Tag Archives: pride

Mrs Smug From Smugsville

So, I’ve been staring at a blank page for ages trying to think of a way to tell you that I managed to stick to my guns and emerge from holiday with my food sobriety intact, it’s just that every which way I try makes me sound like Mrs Smug from Smugsville. Fact is, I did it! It seems that miracles do happen, and despite the best efforts of an army of chefs I’m still motoring and I’ve managed to come out the other end 59 days food sober.

And, I weigh less than I did when we set off.  I mean don’t get overexcited because we’re only talking one quarter of one pound but hey, any hole’s a goal, right?

When I got home I somehow resisted the temptation to run in the front door and hotfoot it upstairs for an immediate confrontation with the Shitbird Scale, because looking at my puffy post-flight waterlogged ankles I didn’t want to give the Asshole voice any leverage to start fucking with my head…I can pretty much predict the script, you know? Ah look, you’ve gained weight even though you’ve deprived yourself for a whole week…it just wasn’t worth it. Go buy a Daim cake immediately and knickers to the diet…

I managed to hold off stepping on until yesterday, and I can’t even begin to tell you how strong that makes me feel. It means that I’m not reliant on the scale to validate my success, you know? I knew on the inside that I’d pulled it off and really that’s all that mattered. I hoped that Shitbird Scale would acknowledge my hard work but I was happy to wait until my body had gotten over the journey before checking in.

God of Pain invited me to hop on his scale when I went for a double session of torture last night because he insists his is the official number, and his scale declared a two pounds loss. Now, if you remember his scale also said I’d gained a pound just before I went which I really hadn’t. But whatever, all things being equal I’ve still emerged a cock-hair skinnier from a holiday which may well have spelled dieting disaster and I’ll take that thank you very much 🙂

There were moments during the trip where it was really tough. One bar on the ship in particular served tapas-style nibbles whenever you ordered drinks, and I had to ask my friend to move the plate out of sight. She looked at me like I’d lost the plot and I was reminded once again that the way a food addict looks at the world is different to normal people, you know? My friend was happy to sit there and chat with a plate of breaded cheese wheels and bite-size frittata and quiche and meatballs right under her nose, where for me, conversation turned into white noise and the plate became my sole focus. The need to reach out and take one after another until they were gone was overwhelming.

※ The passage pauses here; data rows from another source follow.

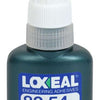Loxeal loxeal 83-54 blocca filetti ad alta resistenza 10 ml
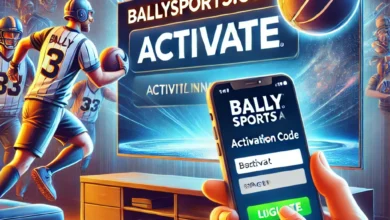 ballysports.com activate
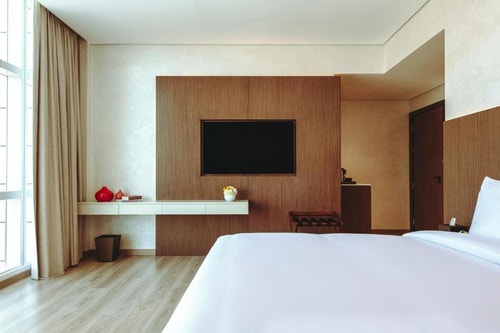 Superior Room In Jvt Near Table Tennis Academy 2 Luxury Bookings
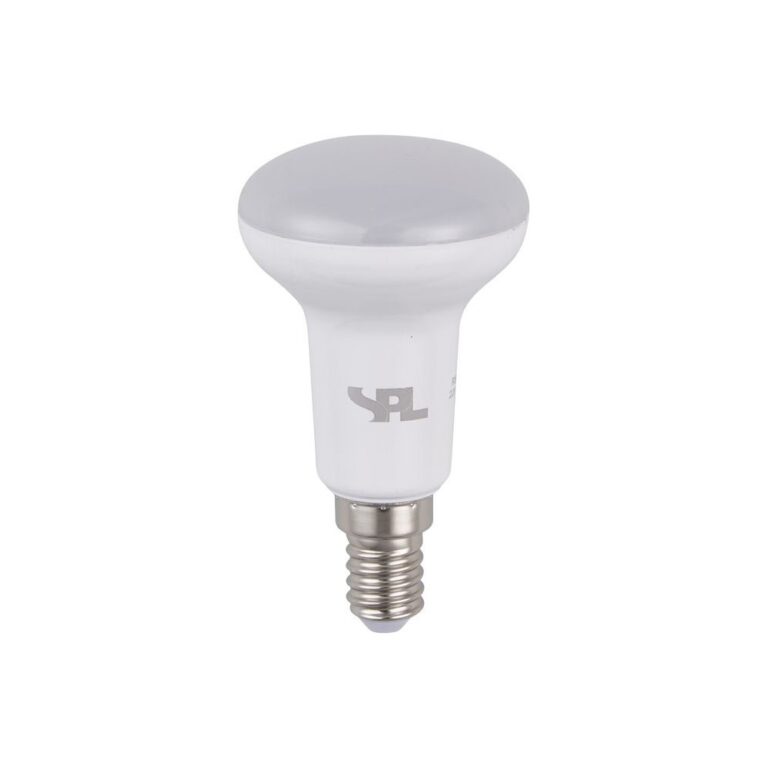 E14 5W dæmpbar LED pære - R50, 470lm, 2700K
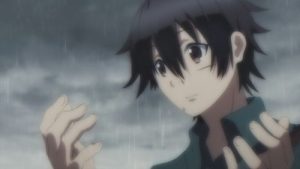 Death March to the Parallel World Rhapsody 1 Episodio 1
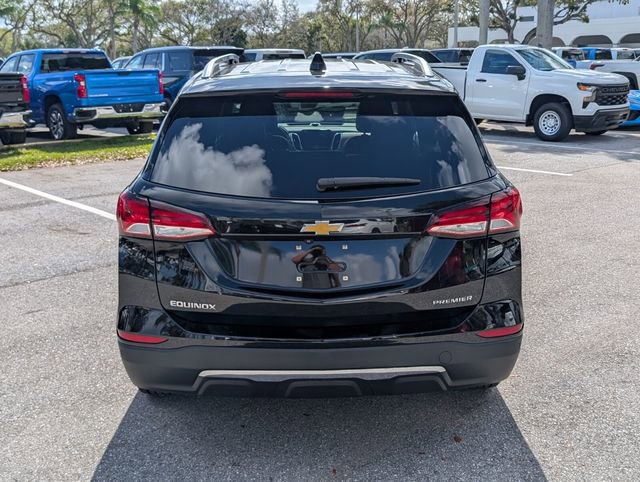 Certified 2023 Chevrolet Equinox Premier image 6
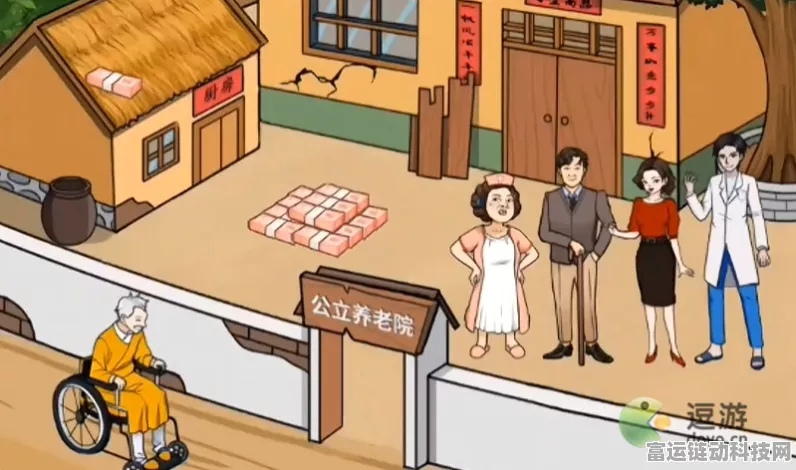 文字来找茬，强哥归来前的贵重物品藏匿秘籍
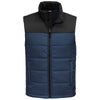 The North Face Men's Shady Blue Everyday Insulated Vest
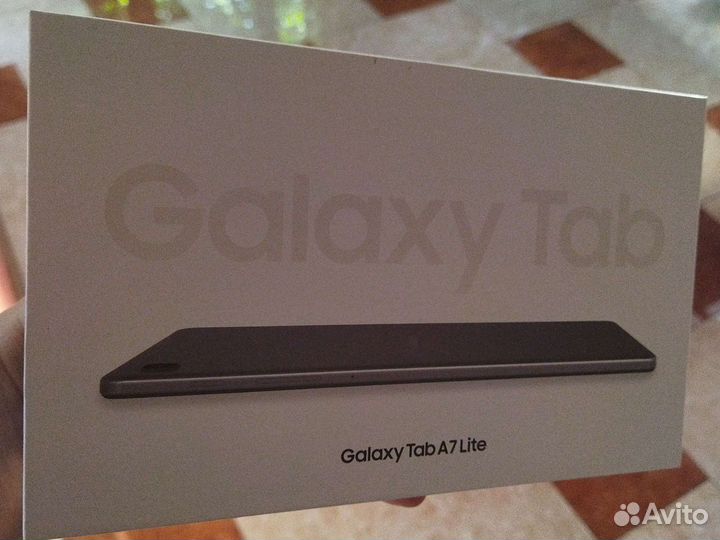 Samsung galaxy tab a7 lite t225 3G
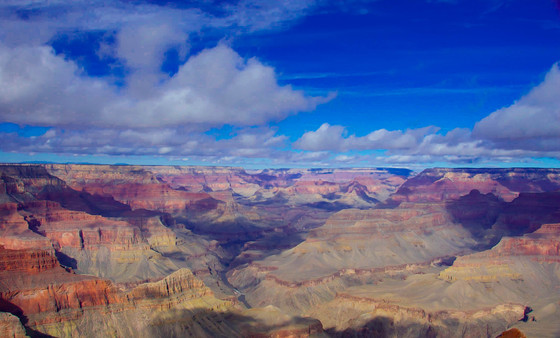 Grand Canyon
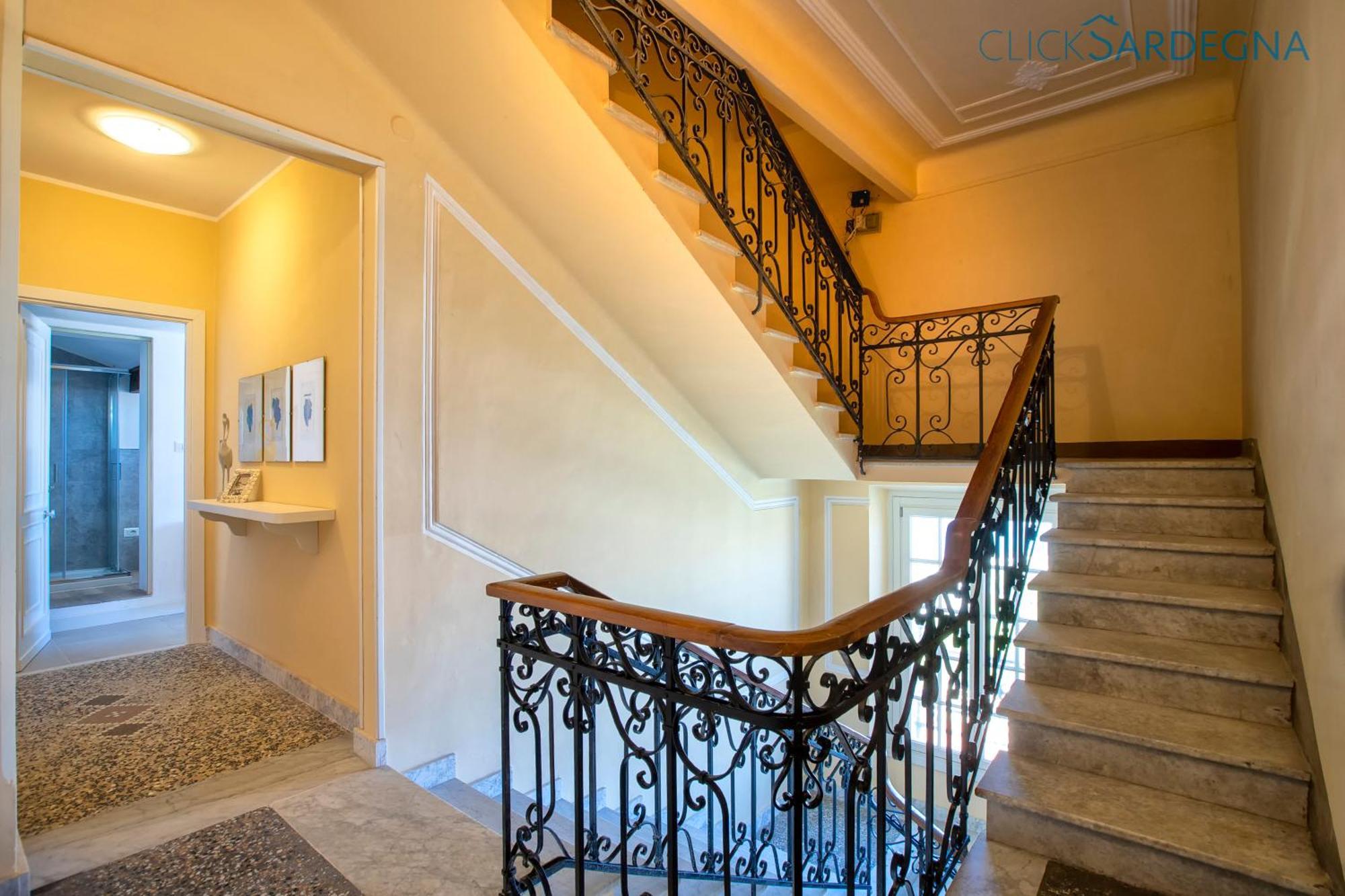 Carlo Alberto Apartment, Alghero Old Town, Near The Beach Extérieur photo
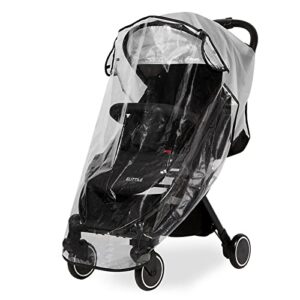 Universal Rain Cover for Pushchair
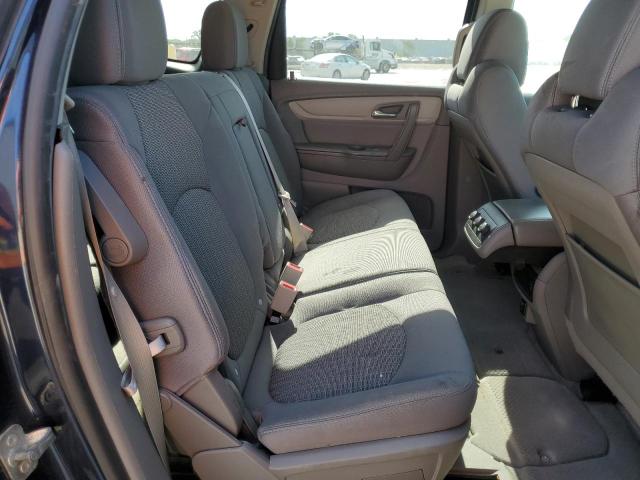 2015 CHEVROLET TRAVERSE L - 1GNKVFED3FJ194090
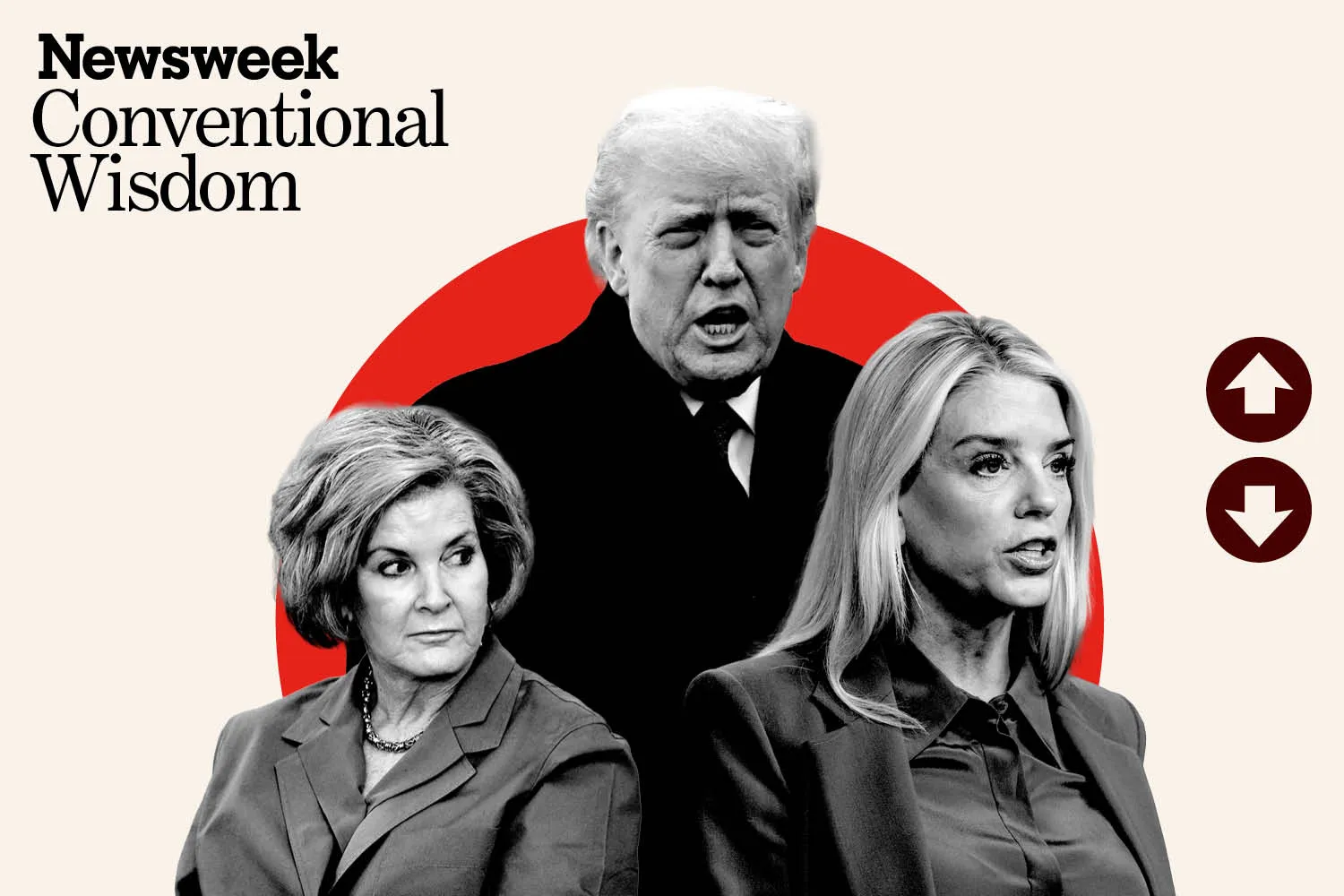 Conventional Wisdom: The Susie Wiles Tell-All Edition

And I get it – anyone who’s lucky enough not to have experienced the sheer power of food cravings in that way could never even hope to understand…there’s little wonder my friend regarded my request to hide the plate as a bit weird. But I’m proud of the way in which I managed it, in the moment. It meant I ate one or two, but I didn’t vaporise them all. And at the end of the day, after years of friendship it probably doesn’t come as breaking news that I’m a bit weird.

Anyway, onwards…it’s good to be home. My food plan is nailed on, and my exercise is on track…the next hurdle to navigate is my bi-annual girly weekend which is happening next week. A long weekend of gossip and laughter fuelled by prosecco and gin.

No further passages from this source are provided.